日本と欧米に続き、12月には中国をはじめとするアジア諸国での販売を開始。各地域での販売体制の整備やプロモーション活動の強化を図り、グローバル展開をスタートさせた。

「実際の商談では、新たなニーズがあることを実感できた。多くの企業が、環境負荷の低減に向けた取り組みを進めているが、高速ラインインクジェットならではの低消費電力による環境性能の訴求が、効果的であることがわかってきた。100枚/分の高速印刷を実現する基本性能の強みに加え、レーザー方式の複写機に比べて消費電力量を大幅に低減できるメリットを訴える形で、コミュニケーションを強化している」(瀬木氏)

また、「日本市場特有のニーズとして、サーバーレス認証印刷オプションを追加で用意した」というように、市場ごとの要求にあわせた対応も開始している。欧米などではセキュリティ管理の観点から、サーバーによる集中管理で認証を行うのが一般的だが、日本ではサーバーレスで利用したいというニーズが高いため、当初はなかった機能を追加で用意したという。

こうしたニーズは、企業ユーザーからの引き合いが増加するのに伴って発生したものだ。同社は当初、高速印刷用途での利用が多いと見込んでいたが、今回の新機能追加は、オフィスからの引き合いが予想以上に多いことを裏付けるものだといえよう。既存の複合機に対するコストやスピードへの不満が、エプソンの高速ラインインクジェット複合機の販売に弾みをつけているようだ。

通期は利益減の予想も「成長基調の売上をもとに投資」

エプソンは2017年度の通期業績見通しを修正。売上収益は400億円増の1兆1100億円、事業利益は据え置いて790億円、当期利益は70億円減の510億円とした。なかでも、大容量インクタンクモデルや高速ラインインクジェット複合機が含まれるプリンティングソリューションズは、売上収益で230億円増の7450億円へと上方修正しており、事業利益は10億円減の1000億円へと修正した。

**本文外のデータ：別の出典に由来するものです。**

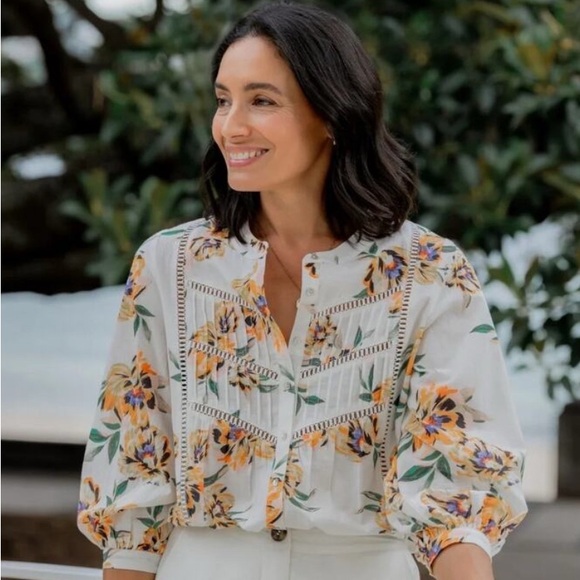 Floral White Blouse - Picture 1 of 2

瀬木氏は「プリンティングソリューションズをはじめとして、事業環境に変化があったものの、成長のベースとなる売上収益は着実に拡大している。将来成長に向けた費用投下や投資は、中期経営計画に基づき、意思を持って継続する」と話す。特にプリンティングソリューションズ関連では、将来的な生産体制の強化に備えて、海外の事業用地を拡張する考えだ。

プリンティングソリューションズの成長を担うのは、大容量インクタンクモデルと高速ラインインクジェット複合機。いずれも、レーザー方式から置き換えるといった提案とともに、これまでのエプソンにはなかったビジネスモデルへと姿を変え、成長を遂げている。変革と成長という「二兎を追う」戦略が成功している事例といえそうだ。